Best AI coding Agents with some crazy upsets | GPT 5, Grok Code Fast, Claude, Qwen 3 Coder

merefield · 1 September 2025 18:30

The video reviews the latest AI coding agents like GPT-5, Grok Code Fast, Claude, and Qwen 3 Coder, highlighting their strengths, weaknesses, and performance across complex coding tasks, with GPT-5, Quint 3 Coder, and Claude Sonnet 4 emerging as top contenders. It also discusses challenges in testing, the importance of model knowledge and configuration, and anticipates continued advancements in speed, cost-efficiency, and coding accuracy.

merefield · 1 September 2025 18:52

The video provides an extensive overview of the latest developments and evaluations of AI coding agents in August, highlighting major players like GPT-5, Grok Code Fast, Claude, and Qwen 3 Coder. The presenter conducted a large number of tests focusing on instruction following, unit testing, linting, and static code analysis across complex multi-file projects. They emphasize that model knowledge and configuration are crucial for performance, noting that while GPT-5 excels at following instructions, it can struggle with unfamiliar frameworks or languages. Grok Code Fast, despite its speed and affordability, often falters in error handling and tool calling, leading to less reliable code fixes.

Several new agents were introduced, including Kira, Coder, and Augment CLI. Kira, a VS Code clone with per-request pricing, showed reasonable performance but nothing groundbreaking. Coder, likely powered by Qwen 3 Coder, performed decently but lacked transparency in pricing and model selection. Augment CLI, a newcomer, surprisingly topped the newcomer chart and showed solid results, especially with Sonnet 4. Claude Code Router, once a top contender, has seen a decline in scores, possibly due to token conservation strategies or other optimizations, placing it lower in the rankings compared to previous months.

Among the tested models, Quint 3 Coder, GPT-5, and Claude Sonnet 4 emerged as the leading contenders, with Opus 4.1 also showing strong planning and debugging capabilities despite its high cost. Warp was a surprising standout, significantly improving its performance and even achieving the highest scores in some tests, particularly with Opus 4.1. The presenter noted that while many agents now perform similarly well, differences in cost, speed, and model knowledge are becoming the deciding factors for users.

The presenter also discussed the challenges faced during testing, such as environment-related issues causing some agents to fail or quit prematurely, and the complexity of configuring models in various agents. Root Code and Open Code were praised for their ease of configuration and flexibility, with Open Code being especially useful for testing multiple providers. GitHub Copilot surprisingly performed well with Grok Code Fast, despite initial doubts about compatibility. The presenter expressed a preference for CodeX and Root Code for complex bug fixing and daily coding tasks.

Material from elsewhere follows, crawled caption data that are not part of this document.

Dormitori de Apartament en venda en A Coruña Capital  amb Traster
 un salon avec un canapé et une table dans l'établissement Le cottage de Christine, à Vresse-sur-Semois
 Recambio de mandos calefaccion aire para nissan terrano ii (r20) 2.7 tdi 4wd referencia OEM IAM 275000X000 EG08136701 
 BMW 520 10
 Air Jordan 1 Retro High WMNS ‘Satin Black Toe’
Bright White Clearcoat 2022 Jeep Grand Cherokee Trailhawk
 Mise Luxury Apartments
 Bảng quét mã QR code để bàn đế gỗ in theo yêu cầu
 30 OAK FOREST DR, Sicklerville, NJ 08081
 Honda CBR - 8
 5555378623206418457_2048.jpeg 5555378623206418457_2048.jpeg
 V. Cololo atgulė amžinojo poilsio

In conclusion, the video highlights the rapid evolution and convergence of AI coding agents, with a few standout models dominating the landscape. The presenter plans to continue refining their evaluation suite, aiming to open source parts of it and focus on more complex, automated testing. They encourage community feedback and discussion to improve testing methodologies. Looking ahead, the main models to watch are GPT-5, Claude Sonnet, and Quint 3 Coder, with ongoing experimentation on local models and anticipation of further improvements in speed, cost-efficiency, and coding accuracy.